# Toyota Prius or Honda Civic?



## MaxReaver (Apr 28, 2017)

I am in the process of purchasing a car for personal use and to use part-time for uBer/Lyft etc...

For personal preference reasons, my choice is down to either the new Prius 2 or Honda Civic EX sedan. Pricing, incentives, and finance rates make them almost dead even in terms of cost and monthly payments - the Civic MIGHT be $20 less per month best case...
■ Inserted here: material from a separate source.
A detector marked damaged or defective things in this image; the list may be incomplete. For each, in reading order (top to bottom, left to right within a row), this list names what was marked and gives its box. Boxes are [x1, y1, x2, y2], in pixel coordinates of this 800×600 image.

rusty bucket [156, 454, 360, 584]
Given that both cars are acceptable to us for personal use, is the Prius the obvious choice if I want to drive for lyft/Uber? The Prius averages 54 mpg reliably (already have a 3 month old one we bought for my daughter) and the Civic appears to hover around 35 mpg.

Thanks


----------



## 1.5xorbust (Nov 22, 2017)

I highly recommend the used Prius. Make sure there’s no hurricane (Houston) damage.


----------



## Seamus (Jun 21, 2018)

A lot of people will tell you the Prius. I love the Honda Civic make sure you get the EX. Small difference in price EX to LX but you get a lot more car. Civic has a lot more interior room. Obviously the Prius gets better gas mileage. All that money you save in gas is going to go back into the cost of a new battery when it goes.


----------



## Katherine Still (Aug 13, 2018)

For gas mileage and maintenance Prius has a slight advantage here. My advice would be test drive both and feel to where you are comfortable sitting all day long.


----------



## Hagong (Jan 17, 2017)




----------



## dryverjohn (Jun 3, 2018)

There are plenty of shops rebuilding the dead cells in the battery for a Prius now. In my market expect to pay $400 to get the prius battery back up and running. With the gas savings, I can't think of many cars that beat the Prius. I would buy a used one, mine had 15,000 miles on it in June when I bought it now has 36k miles. It's also 10 years old. I am trying to figure out how to figure out depreciation, I think I can drive another 70k miles and maybe loose $2-3k in value.


----------



## dirtylee (Sep 2, 2015)

Used Pruis. The 3 year depreciation on those cars makes them cheaper by a lot.

Hondas civics & accords hold value exceedingly well. Like you could buy one, drive it 10k miles, & sell it for close {80%} of the purchase price {assuming you got a decent deal}.


----------



## bsliv (Mar 1, 2016)

dryverjohn said:


> I am trying to figure out how to figure out depreciation


Depreciation is easy. Its the market value of the car when you started minus the market value of the car when you've finished with it. To calculate the depreciation per mile, simply divide the depreciation amount by the miles driven.

Notice I didn't say what you paid for it and I didn't say what you can sell it for. If you under or overpaid, it doesn't matter. If you sell it for more than you bought it for, it doesn't matter. What matters is its market value. For example, the car may have been given to you. That doesn't make it depreciation free. You could have turned around and sold it. When finished with it, you could donate it to charity for $0, doesn't matter. What matter is what you could have sold it for.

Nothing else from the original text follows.